» WORK INSTRUCTION
Below are records with pictures in them. Output exactly the lines from the one with "USB Charging Led Dog Collar-Pup Essentials" through the one with "Farmer inspects barley", both included, and leave every picture out; give only those lines.

» INFORMATION SUPPLIED

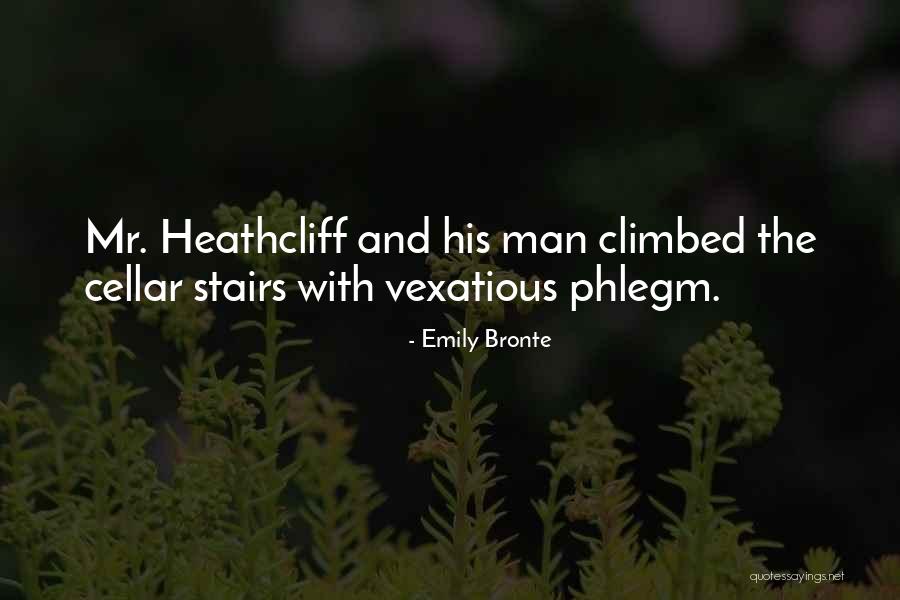 Vexatious Quotes By Emily Bronte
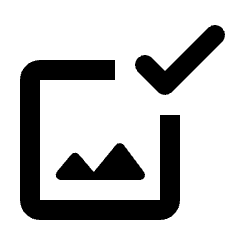 Approved Photo Alternate Icon from Rounded Line - Material Pro Set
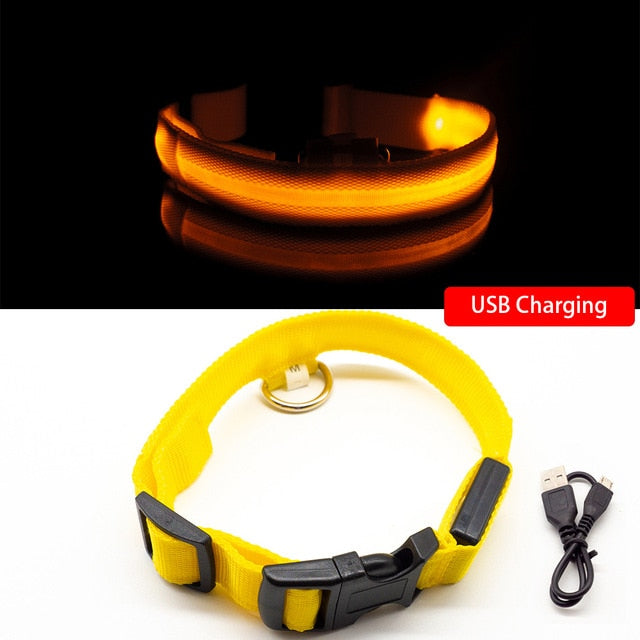 USB Charging Led Dog Collar-Pup Essentials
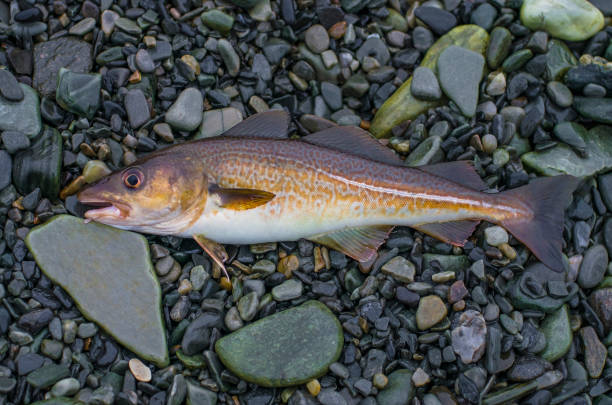 istock Fresh cod fish on stony shore of fjord Norway 956167178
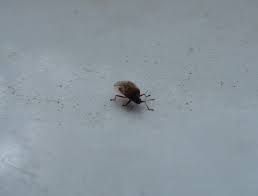 7 wunderschon kleine kafer in der kuche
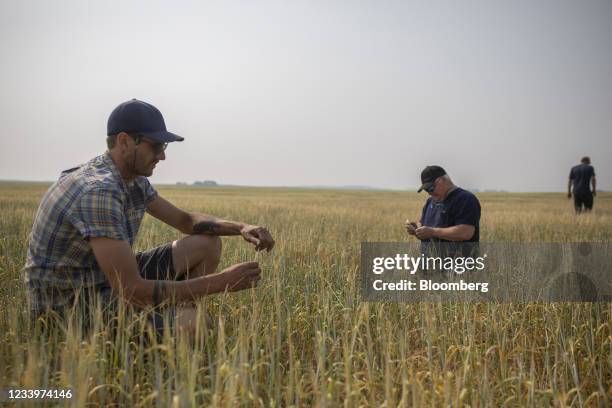 Farmer inspects barley plants beside a crop insurance field inspector, right, during a drought on a grain farm near Osler, Saskatchewan, Canada, on...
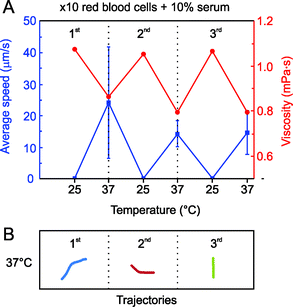 Blood 10× diluted in 10 wt.% serum. A) Average speed of Fe/Pt microjets warming up the solution from 25 °C to 37 °C in three consecutive thermal cycles. B) Tracked trajectories (4 s) for the 3 cycles at 37 °C of representative microjets.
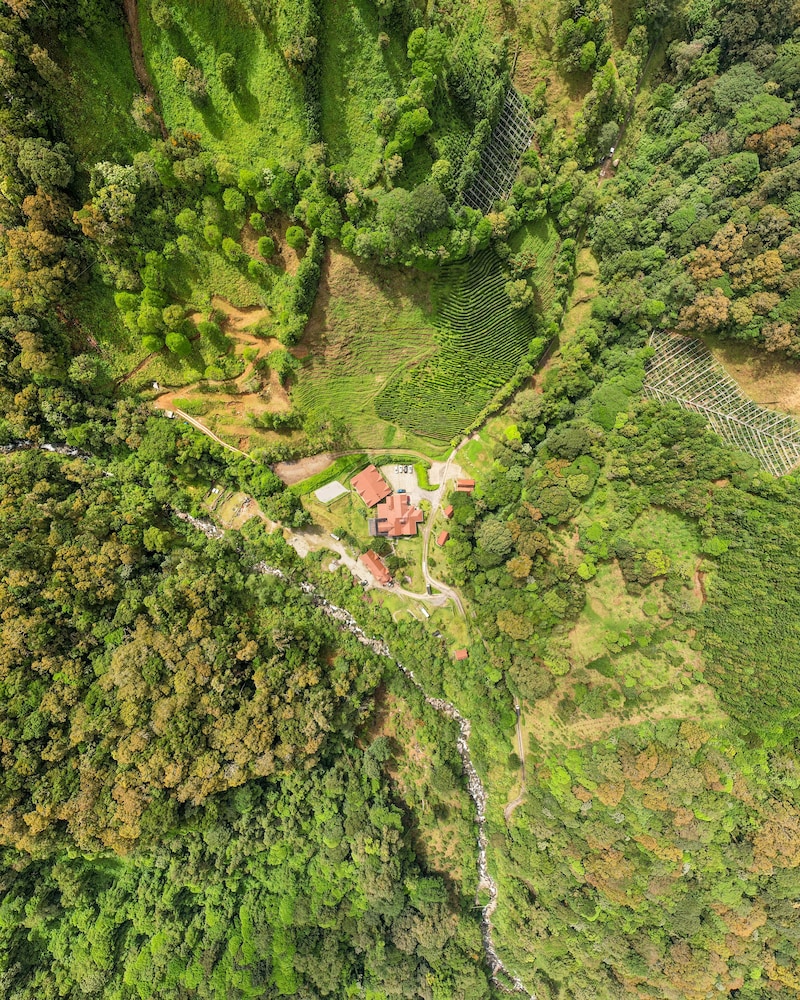 tree trek boquete adventure park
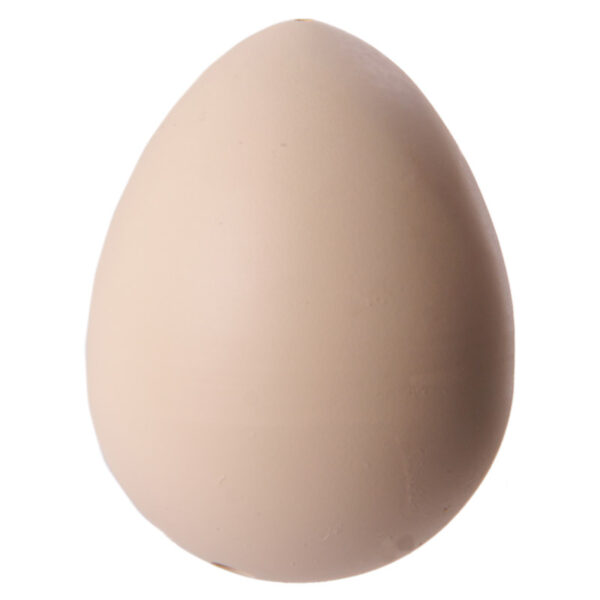 Fun Kids Novelty Hatching Chicken - Image 2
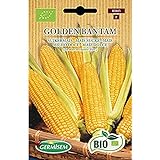 Germisem Orgánica Golden Bantam Semillas de Maíz Dulce 7 g Foto, éxito de ventas 2024-2023 nuevo, mejor precio  revisión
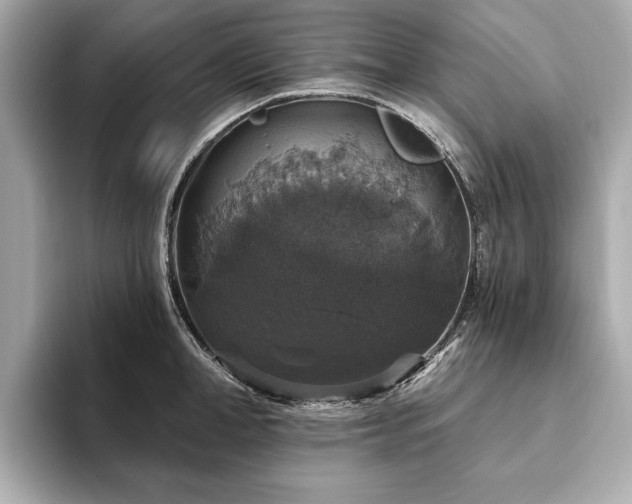 X0000093620998200710151257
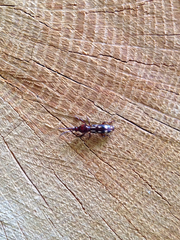 Arrhenodes minutus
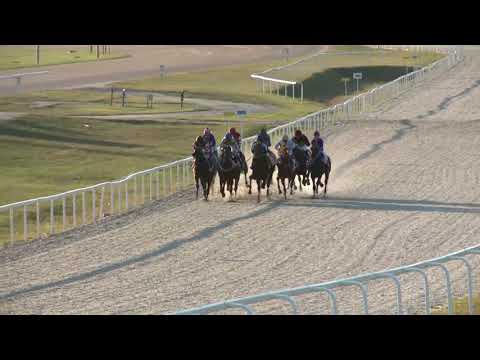 2018.09.30. 08. futam - "ÁRVÍZI HAJÓS" HENDIKEP (IV.o.) (szintetikus pálya)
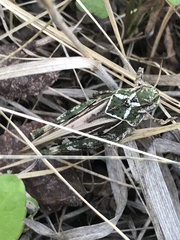 Pardalophora apiculata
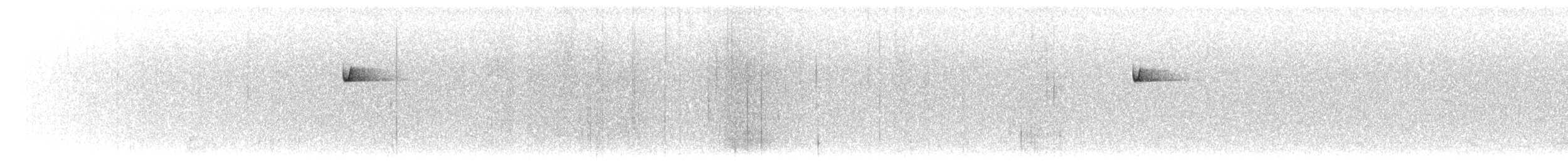 Batı Amerika Sinekkapanı (occidentalis/hellmayri) - ML329868121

» ANSWER SPACE
 USB Charging Led Dog Collar-Pup Essentials
 istock Fresh cod fish on stony shore of fjord Norway 956167178
 7 wunderschon kleine kafer in der kuche
 Farmer inspects barley plants beside a crop insurance field inspector, right, during a drought on a grain farm near Osler, Saskatchewan, Canada, on...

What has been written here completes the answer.